# Benchmarks

## Initialize

In [None]:
import os
import math
import pathlib
import numpy as np
import pandas as pd
from tqdm.auto import tqdm
from IPython.display import clear_output

import warnings
from lifelines.utils import CensoringType
from lifelines.utils import concordance_index

In [None]:
base_path = "/home/jakobs"

project_path = f"{base_path}/data"

experiment = '230321'
experiment_path = f"{project_path}/{experiment}"
pathlib.Path(experiment_path).mkdir(parents=True, exist_ok=True)

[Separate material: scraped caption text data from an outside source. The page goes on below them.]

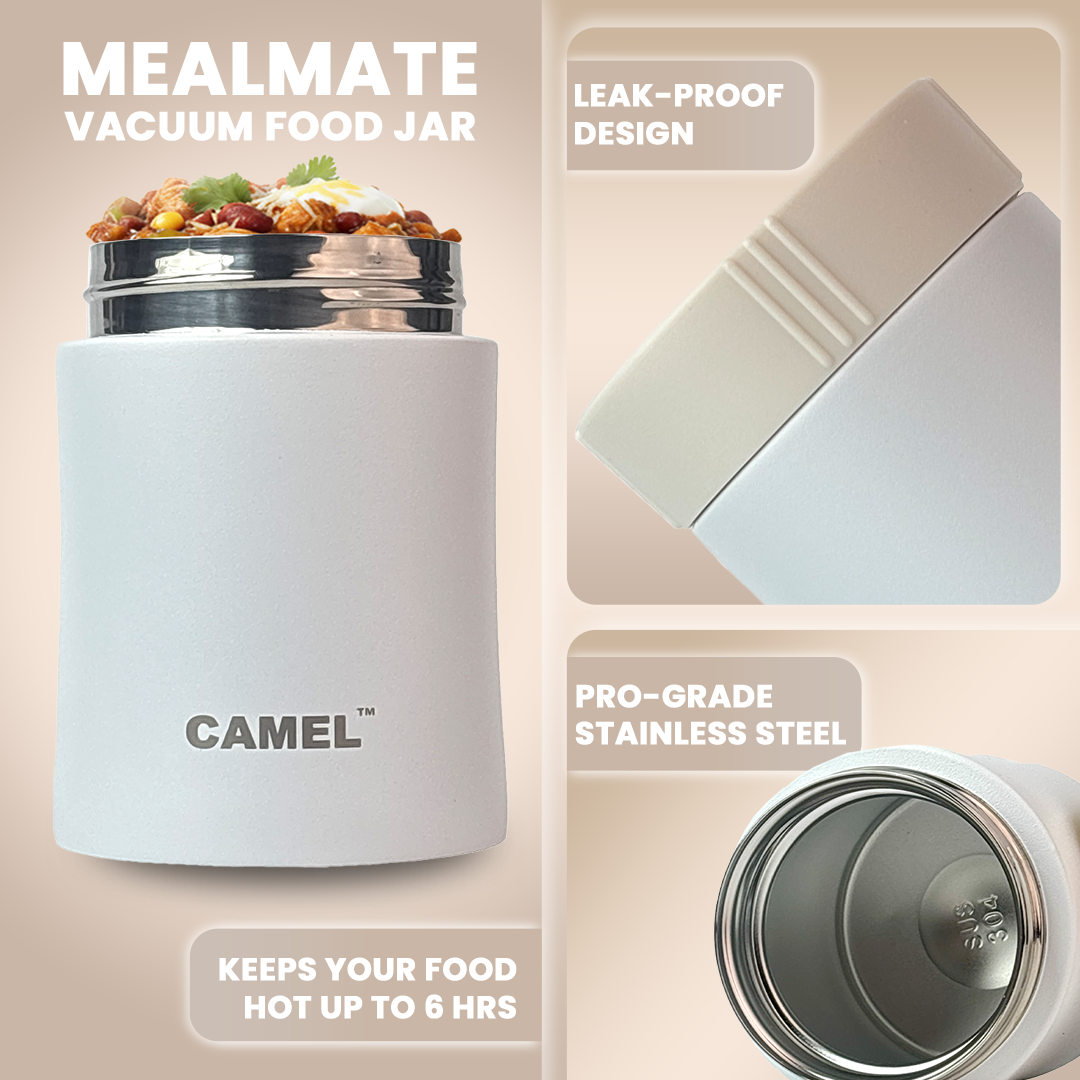 Mealmate Stainless Steel Vacuum Insulated Food Jar - White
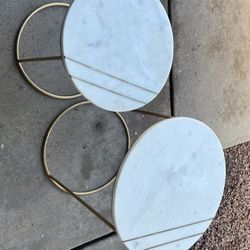 White Marble & Gold Inlay Nesting Table Set – Chic Modern Decor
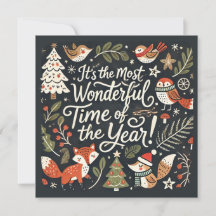 Cute Christmas forest robins and foxes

partitions = [i for i in range(10)]

today = '230321'

In [None]:
model_path = f"{experiment_path}/coxph/models"
model_list =  !ls $model_path

In [None]:
endpoint_defs = pd.read_feather(f"{base_path}/data/endpoints_epic_md.feather").set_index("endpoint")
endpoints = endpoint_defs.index.to_list()

In [None]:
splits = ["train", 'test'] # "test_left", 'test_right']

In [None]:
eligable_eids = pd.read_feather(f"{experiment_path}/eligible_eids_{today}.feather")
eids_dict = eligable_eids.set_index("endpoint")["eid_list"].to_dict()

In [None]:
%env MKL_NUM_THREADS=4
%env NUMEXPR_NUM_THREADS=4
%env OMP_NUM_THREADS=4

In [None]:
import ray
ray.shutdown()
#ray start --head --port=6379 --num-cpus 64
ray.init(address='auto')
#ray.init(num_cpus=24)#, dashboard_port=24762, dashboard_host="0.0.0.0", include_dashboard=True)#, webui_url="0.0.0.0"))

# Predict COX

In [None]:
in_path = pathlib.Path(f"{experiment_path}/coxph/input")
model_path = f"{experiment_path}/coxph/models"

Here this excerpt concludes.